In proposito, conservo vivo in me il ricordo dell’incontro a Roma nel 2017 con i Rappresentanti delle vostre comunità ebraiche e cristiane. Sono lieto che in seguito sia stata istituita una Commissione per il dialogo con la Chiesa cattolica e che abbiate pubblicato insieme importanti documenti. È bene condividere e comunicare ciò che ci unisce. Ed è bene proseguire, nella verità e con sincerità, nel percorso fraterno di purificazione della memoria per risanare le ferite passate, così come nel ricordo del bene ricevuto e offerto. Secondo il Talmud, chi distrugge un solo uomo distrugge il mondo intero, e chi salva un solo uomo salva il mondo intero. Ognuno conta, e conta molto quello che fate attraverso la vostra preziosa condivisione. Vi ringrazio per le porte che avete aperto da entrambe le parti.

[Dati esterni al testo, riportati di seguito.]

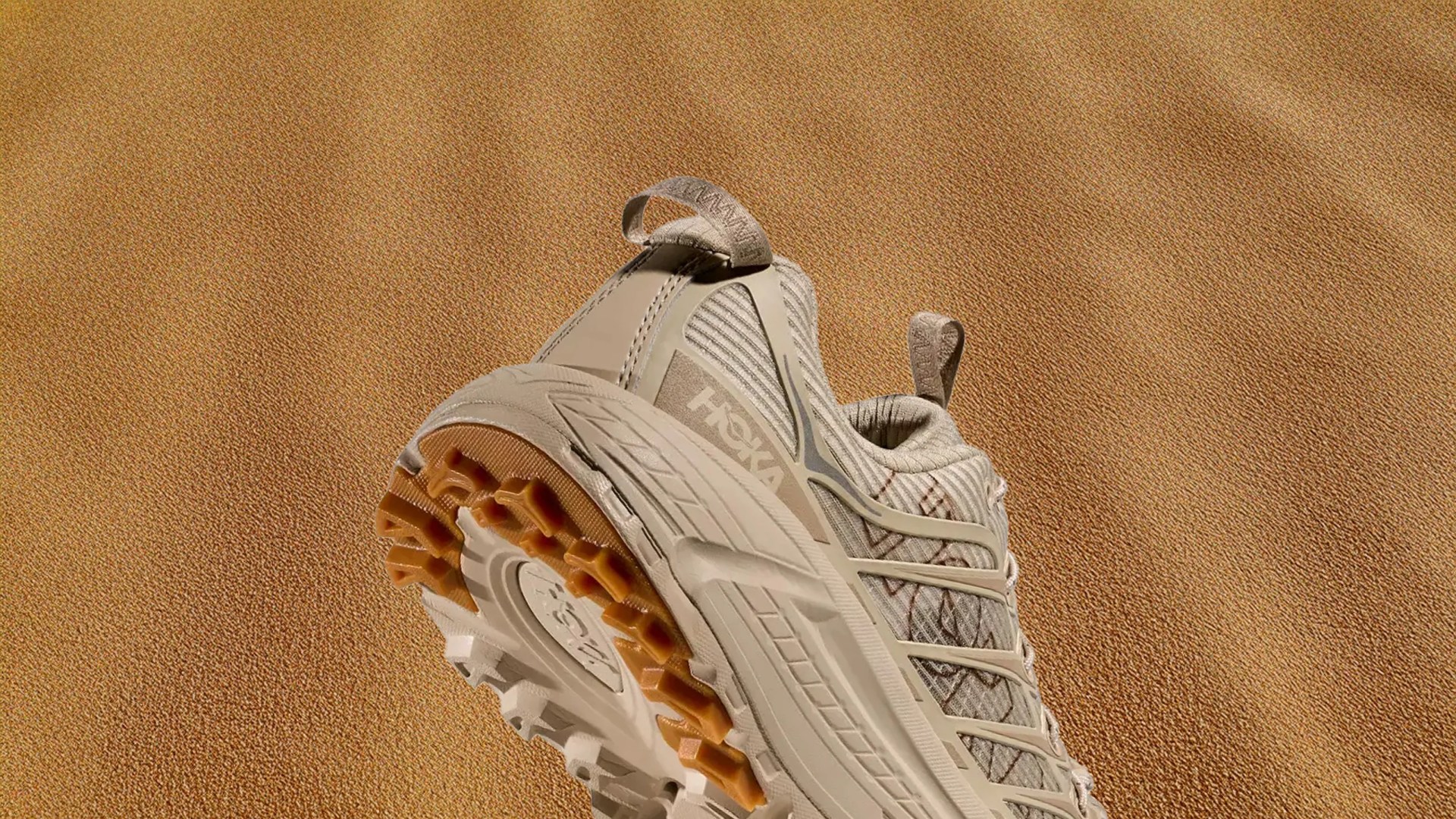 The heel of a Hoka Mafate Three2 Grid JP Sneaker in Sand / Linen against a sandy textured background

Il mondo ha bisogno di porte aperte. Sono segni di benedizione per l’umanità. Al padre Abramo Dio disse: «In te si diranno benedette tutte le famiglie della terra» (Gen 12,3). È un ritornello che scandisce le vite dei padri (cfr Gen 18,18; 22,18; 26,4). A Giacobbe, cioè Israele, Dio disse: «La tua discendenza sarà innumerevole come la polvere della terra; perciò ti espanderai a occidente e a oriente, a settentrione e a mezzogiorno. E si diranno benedette, in te e nella tua discendenza, tutte le famiglie della terra» (Gen 28,14). Qui, in questa terra slovacca, terra d’incontro tra est e ovest, tra nord e sud, la famiglia dei figli di Israele continui a coltivare questa vocazione, la chiamata a essere segno di benedizione per tutte le famiglie della terra. La benedizione dell’Altissimo si riversa su di noi quando vede una famiglia di fratelli che si rispettano, si amano e collaborano. Vi benedica l’Onnipotente, perché in mezzo a tanta discordia che inquina il nostro mondo possiate essere sempre, insieme, testimoni di pace. Shalom!

Guarda il video

Dopo l'incontro in Piazza Rybné námestie, congedandosi tra gli applausi, si trasferisce infine in macchina verso la Nunziatura di Bratislava per l'incontro privato, prima con il presidente del Parlamento, Boris Kollár, e poi con il primo ministro, Eduard Heger.